*TASK REQUIREMENTS*
Only some lines are wanted. Transcribe, exactly, the lines below from the line with "Classic electric light" up to and including the line with "Applying the oil".

Short text fragments from websites:
··········

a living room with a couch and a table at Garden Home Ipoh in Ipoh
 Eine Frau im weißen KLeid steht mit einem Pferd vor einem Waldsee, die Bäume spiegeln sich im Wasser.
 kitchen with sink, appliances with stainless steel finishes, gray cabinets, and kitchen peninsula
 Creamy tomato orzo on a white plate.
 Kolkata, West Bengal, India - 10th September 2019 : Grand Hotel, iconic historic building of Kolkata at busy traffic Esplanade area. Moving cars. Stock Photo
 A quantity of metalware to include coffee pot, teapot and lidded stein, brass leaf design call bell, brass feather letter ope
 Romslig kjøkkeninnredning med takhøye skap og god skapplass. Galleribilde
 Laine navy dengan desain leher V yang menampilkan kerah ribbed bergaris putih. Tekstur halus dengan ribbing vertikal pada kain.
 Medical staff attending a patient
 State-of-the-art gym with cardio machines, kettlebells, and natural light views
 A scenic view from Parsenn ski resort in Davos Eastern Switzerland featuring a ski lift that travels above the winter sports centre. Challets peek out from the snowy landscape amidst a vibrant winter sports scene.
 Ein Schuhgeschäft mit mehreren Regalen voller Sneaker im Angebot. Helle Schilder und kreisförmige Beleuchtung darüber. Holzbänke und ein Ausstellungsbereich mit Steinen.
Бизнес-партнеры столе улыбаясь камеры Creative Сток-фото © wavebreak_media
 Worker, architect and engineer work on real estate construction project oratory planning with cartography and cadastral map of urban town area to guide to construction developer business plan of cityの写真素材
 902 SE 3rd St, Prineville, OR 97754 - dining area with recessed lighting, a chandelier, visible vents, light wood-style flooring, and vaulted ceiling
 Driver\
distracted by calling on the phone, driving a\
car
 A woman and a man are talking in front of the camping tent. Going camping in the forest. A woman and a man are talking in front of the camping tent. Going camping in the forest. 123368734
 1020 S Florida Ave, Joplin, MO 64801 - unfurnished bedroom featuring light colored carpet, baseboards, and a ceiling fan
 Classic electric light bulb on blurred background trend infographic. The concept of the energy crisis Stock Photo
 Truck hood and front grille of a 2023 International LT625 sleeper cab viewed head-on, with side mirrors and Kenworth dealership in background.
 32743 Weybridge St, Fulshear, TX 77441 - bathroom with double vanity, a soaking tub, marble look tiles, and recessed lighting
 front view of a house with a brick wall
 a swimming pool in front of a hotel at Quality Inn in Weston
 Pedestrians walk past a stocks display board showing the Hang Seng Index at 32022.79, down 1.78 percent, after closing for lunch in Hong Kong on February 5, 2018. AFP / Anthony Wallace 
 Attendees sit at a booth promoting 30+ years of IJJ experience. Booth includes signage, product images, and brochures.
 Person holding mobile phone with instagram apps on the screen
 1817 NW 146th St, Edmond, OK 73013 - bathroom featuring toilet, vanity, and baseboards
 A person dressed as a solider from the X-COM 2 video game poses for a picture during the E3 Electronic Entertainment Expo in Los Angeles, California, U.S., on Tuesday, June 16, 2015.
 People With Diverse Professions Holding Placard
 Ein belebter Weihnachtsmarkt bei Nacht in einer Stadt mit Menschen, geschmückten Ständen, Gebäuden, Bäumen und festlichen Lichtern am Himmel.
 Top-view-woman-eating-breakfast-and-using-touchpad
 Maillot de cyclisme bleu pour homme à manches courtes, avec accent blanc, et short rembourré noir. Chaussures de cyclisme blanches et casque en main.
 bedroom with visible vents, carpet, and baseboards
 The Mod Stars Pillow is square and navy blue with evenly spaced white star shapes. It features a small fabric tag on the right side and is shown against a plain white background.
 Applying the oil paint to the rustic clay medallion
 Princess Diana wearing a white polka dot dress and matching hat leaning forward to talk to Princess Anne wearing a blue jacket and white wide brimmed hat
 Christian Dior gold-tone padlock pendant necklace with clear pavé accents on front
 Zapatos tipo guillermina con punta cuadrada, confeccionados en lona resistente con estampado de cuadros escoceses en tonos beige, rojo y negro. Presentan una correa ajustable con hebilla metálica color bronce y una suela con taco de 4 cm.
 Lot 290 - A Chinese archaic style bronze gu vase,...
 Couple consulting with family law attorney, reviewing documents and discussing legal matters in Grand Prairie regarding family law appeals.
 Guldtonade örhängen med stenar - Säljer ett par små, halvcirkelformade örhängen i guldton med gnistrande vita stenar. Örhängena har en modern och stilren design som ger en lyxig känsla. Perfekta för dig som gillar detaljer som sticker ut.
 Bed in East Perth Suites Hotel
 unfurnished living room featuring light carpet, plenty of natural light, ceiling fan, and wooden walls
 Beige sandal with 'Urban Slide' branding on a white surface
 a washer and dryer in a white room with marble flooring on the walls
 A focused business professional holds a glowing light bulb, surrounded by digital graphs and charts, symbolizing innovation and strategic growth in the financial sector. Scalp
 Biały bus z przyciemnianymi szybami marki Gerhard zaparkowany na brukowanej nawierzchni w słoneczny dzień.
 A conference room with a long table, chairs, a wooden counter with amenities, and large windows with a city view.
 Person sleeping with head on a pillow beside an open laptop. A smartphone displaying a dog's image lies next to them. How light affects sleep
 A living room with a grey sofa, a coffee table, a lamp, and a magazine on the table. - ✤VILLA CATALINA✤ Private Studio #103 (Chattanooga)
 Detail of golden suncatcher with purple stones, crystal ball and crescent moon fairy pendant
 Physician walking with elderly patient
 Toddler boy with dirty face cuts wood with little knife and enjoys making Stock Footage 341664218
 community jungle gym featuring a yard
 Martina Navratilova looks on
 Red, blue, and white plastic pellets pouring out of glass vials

··········

*TASK OUTPUT*
 Classic electric light bulb on blurred background trend infographic. The concept of the energy crisis Stock Photo
 Truck hood and front grille of a 2023 International LT625 sleeper cab viewed head-on, with side mirrors and Kenworth dealership in background.
 32743 Weybridge St, Fulshear, TX 77441 - bathroom with double vanity, a soaking tub, marble look tiles, and recessed lighting
 front view of a house with a brick wall
 a swimming pool in front of a hotel at Quality Inn in Weston
 Pedestrians walk past a stocks display board showing the Hang Seng Index at 32022.79, down 1.78 percent, after closing for lunch in Hong Kong on February 5, 2018. AFP / Anthony Wallace 
 Attendees sit at a booth promoting 30+ years of IJJ experience. Booth includes signage, product images, and brochures.
 Person holding mobile phone with instagram apps on the screen
 1817 NW 146th St, Edmond, OK 73013 - bathroom featuring toilet, vanity, and baseboards
 A person dressed as a solider from the X-COM 2 video game poses for a picture during the E3 Electronic Entertainment Expo in Los Angeles, California, U.S., on Tuesday, June 16, 2015.
 People With Diverse Professions Holding Placard
 Ein belebter Weihnachtsmarkt bei Nacht in einer Stadt mit Menschen, geschmückten Ständen, Gebäuden, Bäumen und festlichen Lichtern am Himmel.
 Top-view-woman-eating-breakfast-and-using-touchpad
 Maillot de cyclisme bleu pour homme à manches courtes, avec accent blanc, et short rembourré noir. Chaussures de cyclisme blanches et casque en main.
 bedroom with visible vents, carpet, and baseboards
 The Mod Stars Pillow is square and navy blue with evenly spaced white star shapes. It features a small fabric tag on the right side and is shown against a plain white background.
 Applying the oil paint to the rustic clay medallion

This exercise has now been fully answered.